Om de natuurlijkheid van landschappen te duiden zijn twee ingangen gekozen. Enerzijds de processen die in een grootschalig landschap de ruimte zouden moeten hebben, anderzijds de aanwezigheid van karakteristiek geachte en kwalificerende sleutelsoorten uit functionele groepen die met natuurlijke processen in grootschalige natuur te maken hebben: predatoren, aaseters en grazers.

Processen

Het type Zand- en kalklandschap kent verschillen tussen nat en droog, deels door de aanwezigheid van oppervlaktewateren zoals beken of vennen, deels door plekken die (tijdelijk) hoge grondwaterstanden kennen. Om dynamiek en bijbehorende successie een plek te geven in deze landschappen, zijn ook erosieprocessen van belang. Wind en water moeten vrij spel hebben, begrazing kan een vergelijkbaar effect hebben.

In dit beheertype speelt de stikstofdepositie een belangrijke rol bij de kwaliteitsbepaling:

N01.04 Zand- en kalklandschap

Hoog Midden Laag
Stikstofdepositie* < 5 kg N ha-1 y < 360 mol N ha-1 y-1 5-10 kg N ha-1 y-1

360-710 mol N ha-1 y-1

> 10 kg N ha-1 y-1

> 710 mol N ha-1 y-1

* Waarde voor (Zeer) Zwakgebufferde vennen (5,8 kg) en actieve hoogvenen (5 kg) en herstellende hoogvenen (5 kg) (Van Dobben & Van Hinsberg, 2008).

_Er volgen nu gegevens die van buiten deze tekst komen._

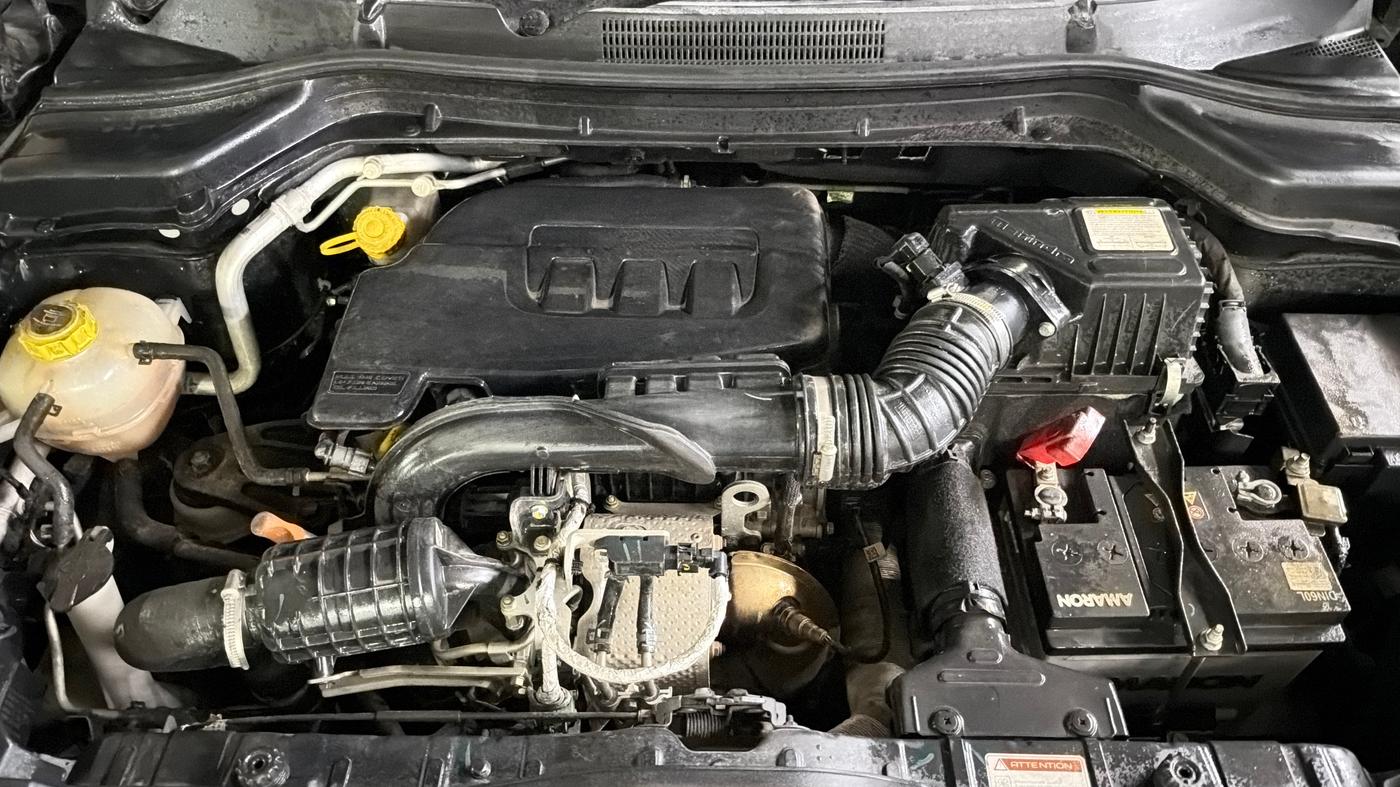 2024 Mahindra XUV 3XO AX5L 1.2 TGDi, Petrol, Manual, 21,211 km, Engine View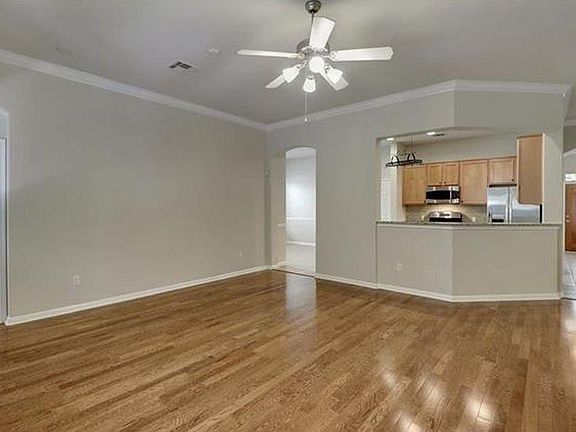 5th image of 3304 Luminoso Ln E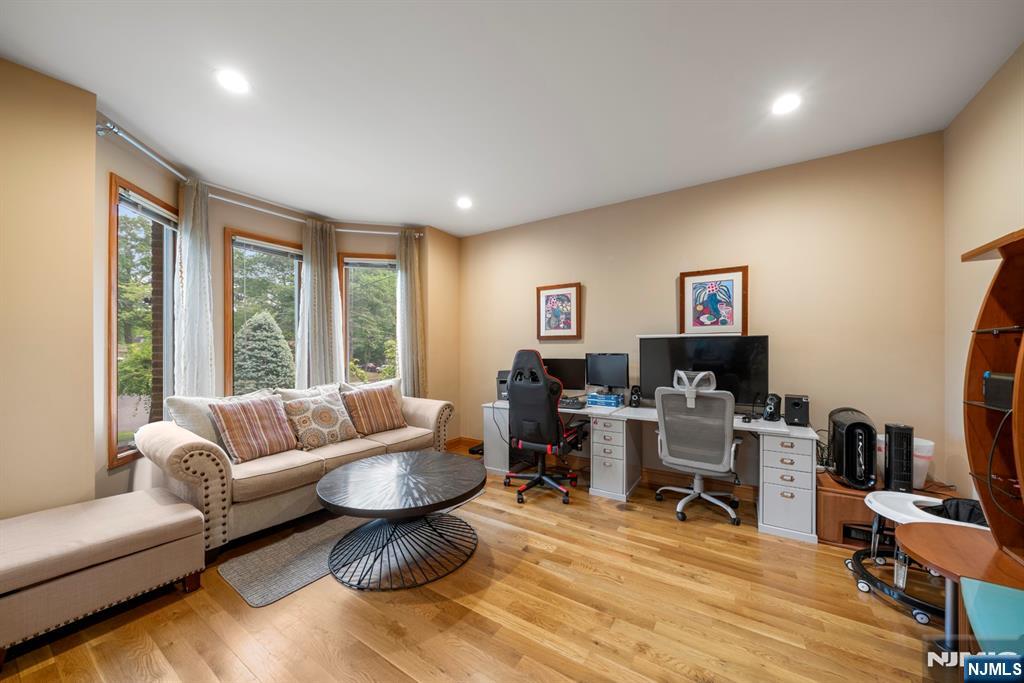 325 Cooper Place Paramus, NJ 07652 - Photo 5 of 31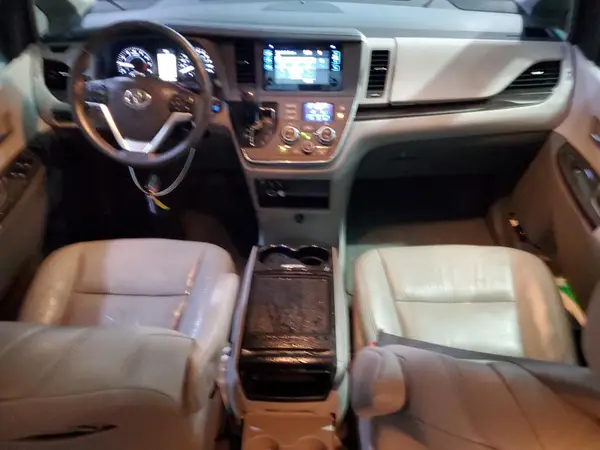 5TDYZ3DC4HS890431 2017 TOYOTA SIENNA - Image 8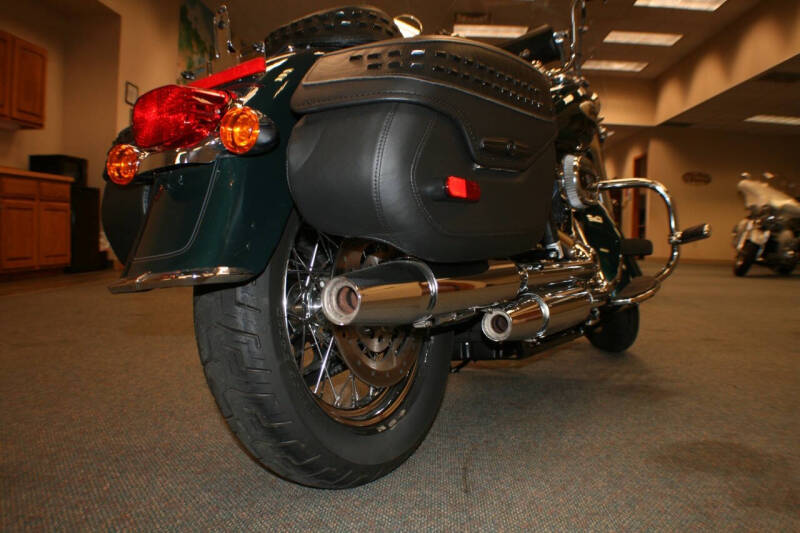 2024 Harley-Davidson FLHCS HERITAGE CLASSIC 114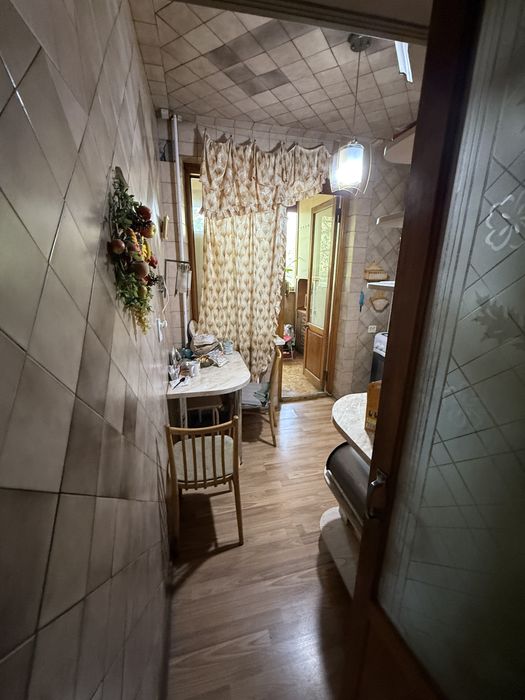 Продаю 4/3/4 Ц-5 Массив Киёт (Университет Журналистики)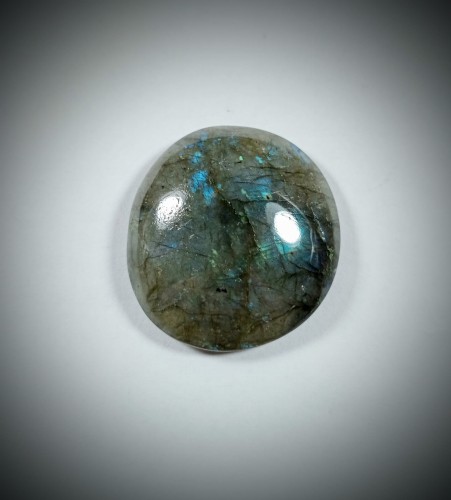 Labradoryt +
Kamień ręcznie formowany i oszlifowany +
Rozmiar kamienia 29 mm x 26 mm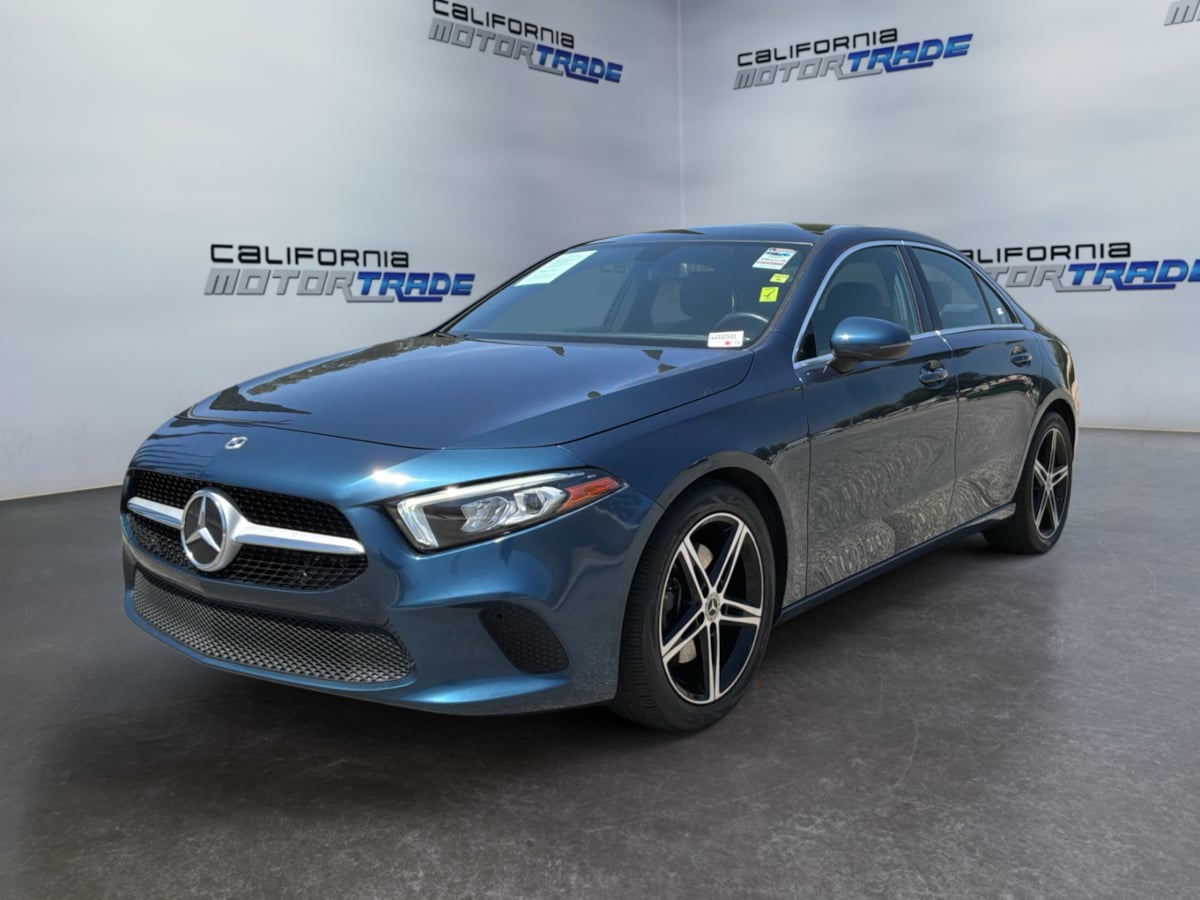 Mercedes-Benz A 220 photo 24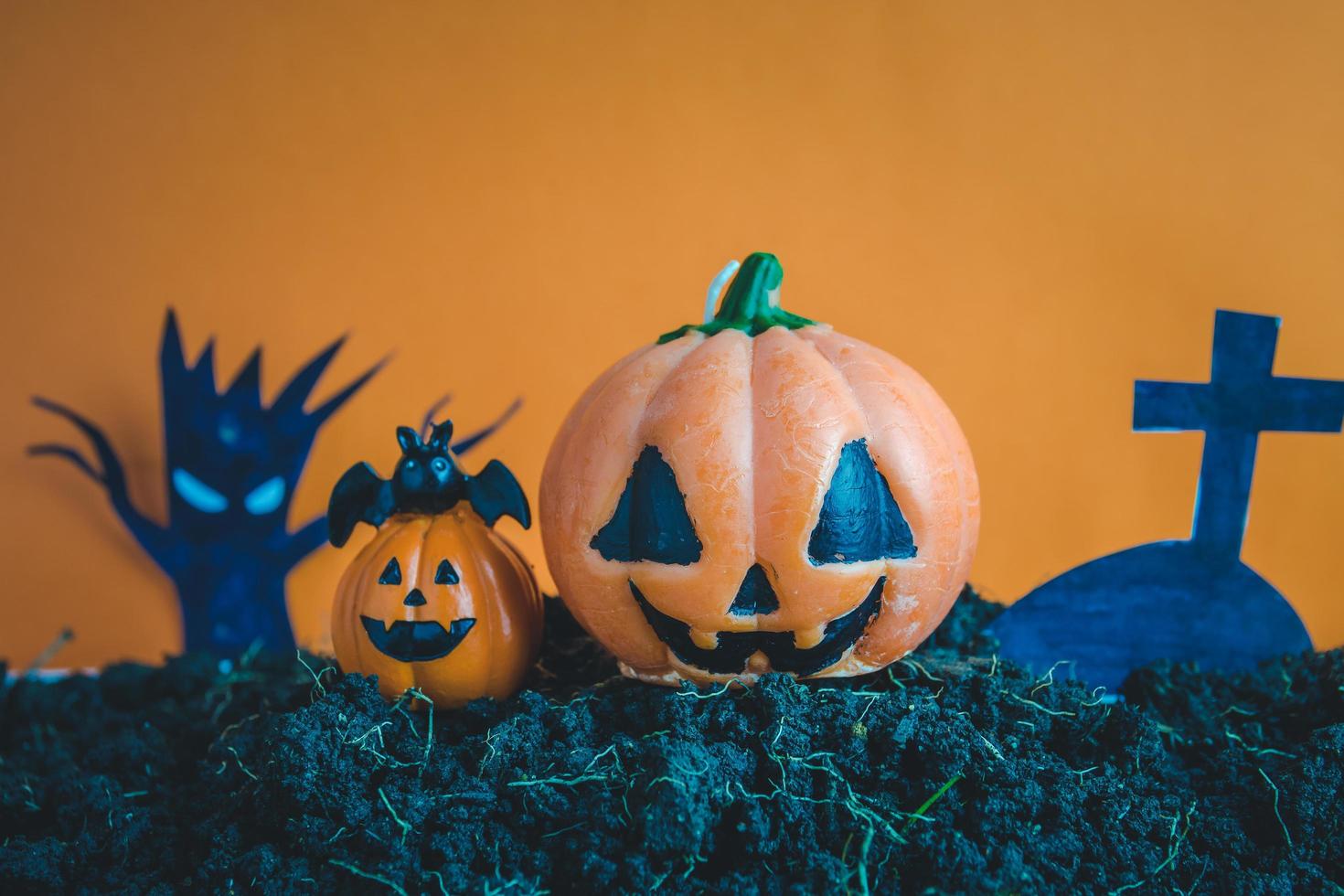 calabazas de halloween en el suelo foto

De volgende punten spelen een rol bij de bepaling van grootschaligheid:

  1. Een natuurlijke afwatering en/of inzijging van water, dus ook het ontbreken van lokale ingrepen die het waterpeil kunnen verlagen (lokale wateronttrekking van oppervlaktewater, de aanwezigheid van sloten/greppels).
  2. Processen van bodemvorming moeten ongehinderd plaats kunnen vinden (dit wil zeggen dat geen ingrepen gepleegd worden die deze processen hinderen, zoals graafwerkzaamheden, strooiselverwijdering of kunstmatige aanpassingen van de (grond)waterstand).
  3. Processen van erosie en sedimentatie worden binnen het gebied niet gehinderd door menselijke ingrepen.
  4. Stikstofdepositie: het niveau van depositie voldoet tenminste aan het criterium “Midden”.
  5. Bodemvormende processen en vegetatieontwikkeling worden niet gehinderd door stikstofdepositie; het niveau van depositie voldoet aan het criterium “Hoog”.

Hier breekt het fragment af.